To the Man Who Came to Cut Down My Tree by Joan Connor

It was an elm.  In the front yard.  On the same side of the house as my study.  If it is possible to love a tree, I loved that tree.  It shaded my workroom from the sun.  It looked like a bouquet.  Then it got ill.  It struggled valiantly for years, leafing every spring, but deciduating early every fall.  Then last spring it did not come back.

The man from the tree service, his name was Craig Self (really, Self), told me it was wetwood for which there is no cure.  Like death.  There is no cure for death.  So.

On the day that he came to remove the tree, Craig Self wore a green jumpsuit with his name on the pocket; it just said Self.  In cursive.  As if he needed to remind himself that he was himself, his name on his pocket like mitten clips; these are my mittens.  I must not lose them.  I am myself; I must not lose me. Craig Self had a face like a C-clamp.  He was not a smiley man.

“Craig” means rock.  “Self” means, well, itself.

He started from the top, removing the large branches first.  As he worked, I felt de-limbed.  I listened to the buzz of the saw, the grinding of the chipper, the thrash and thud of the lichened branches.  I felt more than saw, perhaps, each branch go.

I have lived here twenty years with that tree.  This area, Southeastern Ohio, remains alien to me, a much warmer climate than that at home, in Vermont.  That tree a shelter, that tree a parasol.  When I forced myself to look outside, my elm was a post.

Craig Self was bundling the smaller branches, gleaning them from the yard, feeding them into the chipper.  I turned away, retreated to the kitchen until I heard the knock.  Craig Self peered through door.  I cracked it.

“Would you like some coffee?”

“No, water,” he said, “just some water.”

He followed me into the kitchen.  I gave him a glass of ice water and he drank it standing up, hip propped against the counter, clinking the cubes in the glass between gulps.

Then it began.

“Jesus,” he said, “tried to get a cup of coffee this morning, had to stand in line behind this A-rab.  Ragheads are everywhere.  Don’t know why they are here.  Don’t belong.  Never used to be here.  See ‘em in the grocery store, the hardware store.  Probably going to bomb the churches.  Muslims taking over the country.  Got a Muslim president.”  He clinked his cubes and gulped again.
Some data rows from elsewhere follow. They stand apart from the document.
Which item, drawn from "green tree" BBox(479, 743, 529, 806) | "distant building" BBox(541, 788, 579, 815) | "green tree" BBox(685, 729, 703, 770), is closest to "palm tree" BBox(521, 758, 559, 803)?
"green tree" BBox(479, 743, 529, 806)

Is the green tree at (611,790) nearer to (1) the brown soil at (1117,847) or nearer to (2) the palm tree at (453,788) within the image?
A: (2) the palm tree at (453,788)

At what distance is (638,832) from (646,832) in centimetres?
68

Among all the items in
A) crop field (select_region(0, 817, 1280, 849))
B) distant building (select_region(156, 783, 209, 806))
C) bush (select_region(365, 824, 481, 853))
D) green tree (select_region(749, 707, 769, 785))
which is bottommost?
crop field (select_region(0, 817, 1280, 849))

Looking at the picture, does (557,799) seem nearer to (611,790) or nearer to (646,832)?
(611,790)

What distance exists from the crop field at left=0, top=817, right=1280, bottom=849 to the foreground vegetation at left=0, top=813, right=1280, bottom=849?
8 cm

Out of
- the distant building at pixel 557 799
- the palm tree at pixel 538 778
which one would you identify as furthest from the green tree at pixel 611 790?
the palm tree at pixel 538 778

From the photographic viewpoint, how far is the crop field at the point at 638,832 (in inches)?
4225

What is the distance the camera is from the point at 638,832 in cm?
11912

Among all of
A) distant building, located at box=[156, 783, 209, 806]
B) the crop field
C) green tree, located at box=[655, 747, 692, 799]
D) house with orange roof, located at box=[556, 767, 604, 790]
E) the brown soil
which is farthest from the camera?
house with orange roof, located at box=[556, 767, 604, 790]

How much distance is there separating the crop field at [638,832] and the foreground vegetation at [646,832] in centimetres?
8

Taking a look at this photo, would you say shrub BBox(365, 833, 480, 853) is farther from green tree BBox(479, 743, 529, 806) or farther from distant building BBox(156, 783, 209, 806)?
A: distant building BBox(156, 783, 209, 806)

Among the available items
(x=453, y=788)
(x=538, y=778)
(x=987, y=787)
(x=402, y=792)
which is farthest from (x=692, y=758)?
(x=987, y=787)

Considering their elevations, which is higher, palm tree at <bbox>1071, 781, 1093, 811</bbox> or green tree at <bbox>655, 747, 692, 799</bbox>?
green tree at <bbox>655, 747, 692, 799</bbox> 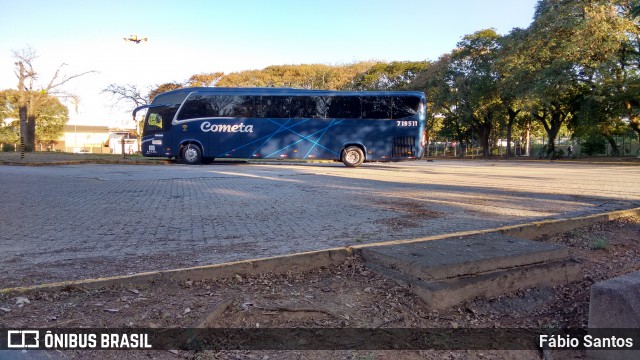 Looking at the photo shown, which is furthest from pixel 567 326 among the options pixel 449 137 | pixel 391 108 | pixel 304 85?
pixel 449 137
This was one of those moments–I seem to have them more and more frequently as I age–when I was not sure what to do.  I knew what was the right thing to do, but I also knew that it was futile.  I was not going to change his mind with a three-minute education.  I would not change his mind with a three-year education, thirty.

Still.  I tried to explain that this was a university town with many foreign nationals.  I tried to explain that the man ahead of him in line was likely a Sikh.  I tried to explain that all Muslims were not bombers.

He thunked his glass down on the counter, said, “We should have open season on them just like turkeys.”

Was he deaf?  Was I mute?

I heard him fire up the chain saw.

I wanted to think, Hillbilly, hilljack, redneck.  But I knew what that meant.  No different from thinking, A-rab.  Still I wondered, what is it that people saw in me?  Why would anyone think I was the appropriate audience for such hatred.  I remembered when I first moved here and the KKK knocked on my front door.  The man identified himself as a Hero of America.  It took me a while to catch on.  When I did, I said, “Mister, you are in the wrong place.”

Later I thought–or I was.  Perhaps we both were.  He left when I called the police.

The chain saw buzzed and burred.  When I next looked out the window, my elm was a pile of sawdust and a stump.

I tried to raise its canopy in my imagination.

Craig Self knocked on my door.

“More water?” I asked.

“Obliged.”  He propped himself once again against the counter.

He told me about his church and Pastor, unaffiliated.  The Church of the Rock of Peter.  Told me about their upcoming picnic, strawberry social.  “You should come,” he said.  “It’s a real nice time.”

“Thank you.  I will check my calendar.  That is very kind of you.”  It was, but I had no intention of going.  Another sin born of awkwardness?

As he left, he shook my hand.  “Thank you for the water.  That was mighty white of you.”

I watched him drive off in his pickup towing the chipper, the side of the red truck emblazoned: Self Tree Removal.

I stared where my elm used to be, feeling suddenly lonely.

On the dirt road into my town in Vermont, elm trees used to arch over the road.  I used to think that I would like to be married under that verdant arch.  Dutch Elm Disease took the trees, and I know now that I will never remarry.

Because we exist in time and time is change, there are places to which we cannot return even when we go back.

 

Yet there will be a tenth portion in it, And it will again be subject to burning, Like a terebinth or an oak Whose stump remains when it is felled. —Isaiah 6:13

 

My elm was gone.

If nothing else, the stump remained.

 

Joan Connor is a professor at Ohio University, and the author of four collections of short stories and a collection of essays.